Tanguy Risset is Professor in the Telecommunication Department at Insa-Lyon, specializing in embedded systems, compilation, and software-defined radio. As head of Inria's Socrate project, he coordinates research on cognitive radio networks integrating signal processing, communications, and computer science. His research develops FPGA-based solutions for real-time audio processing and wireless systems, emphasizing compilation techniques for hardware acceleration. Recent publications focus on low-latency audio transmission, spatial sound implementation, and open-source toolchains for FPGA audio DSP.

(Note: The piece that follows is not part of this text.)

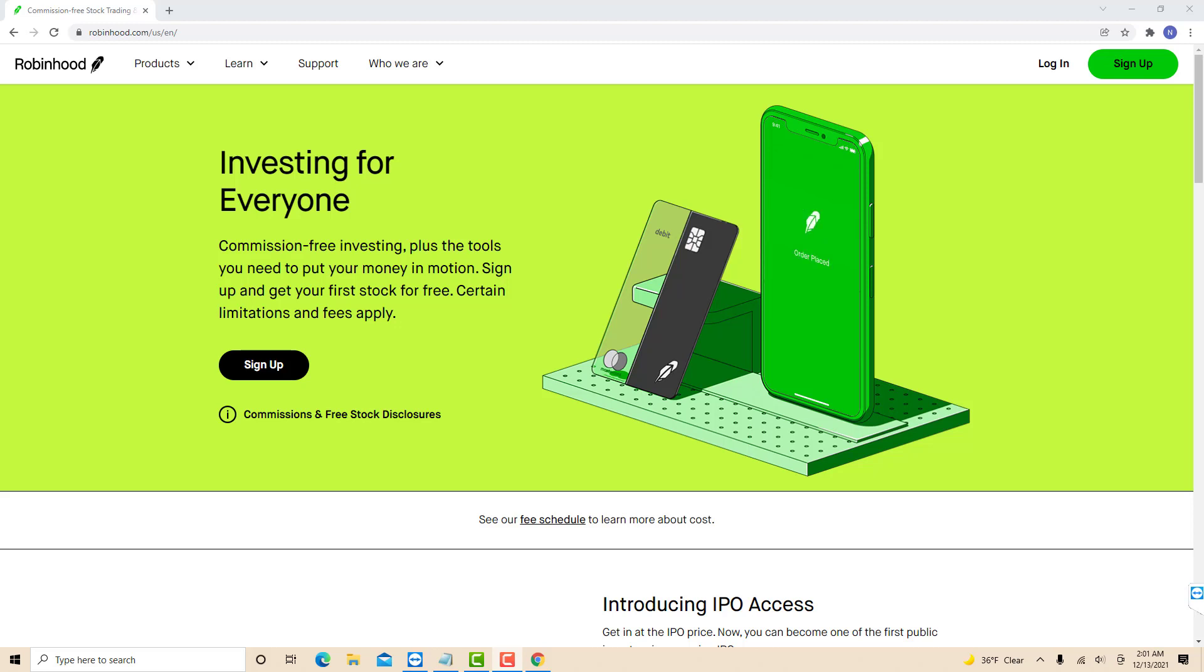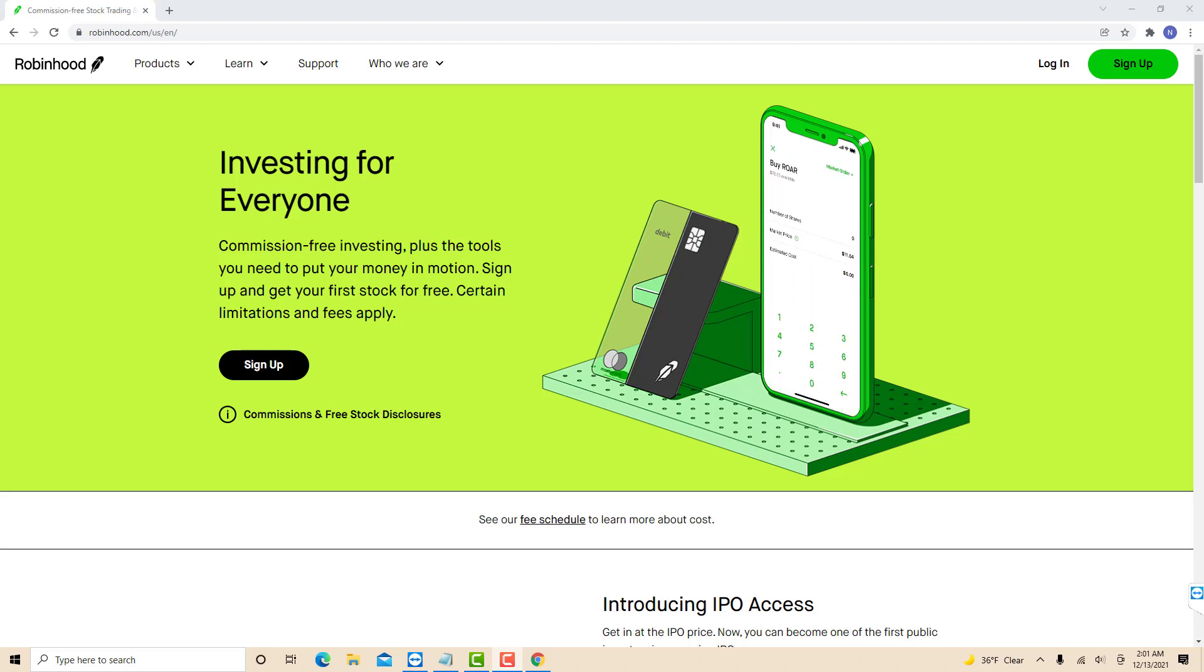If you don't have a Robinhood account, we will put the link in the description below for you to sign up, get at least $5 in free stock once you sign up and link your bank account.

Dr. Xiaokun Yang is an Associate Professor of Computer Engineering in the College of Science and Engineering at the University of Houston-Clear Lake. With extensive industry experience at AMD and CEC, his research bridges hardware design and AI acceleration. Research focuses on FPGA acceleration for AI/ML, hardware/software co-design, and IoT system architectures. Publications demonstrate innovations in neural network accelerators, hardware-efficient AI, secure SoC design, and edge computing solutions. Recent work explores ReRAM-based accelerators, blockchain-secured hardware, and federated learning systems. Awards include Best Ph.D Forum Paper at ISVLSI 2014. Education includes a Ph.D. in Electrical and Computer Engineering from Florida International University (2016) and dual M.S. degrees from FIU and Beihang University. Courses taught include Advanced Digital Systems Design, Electronics, and Senior Project. Current research projects investigate FPGA-based AI acceleration and IoT architectures.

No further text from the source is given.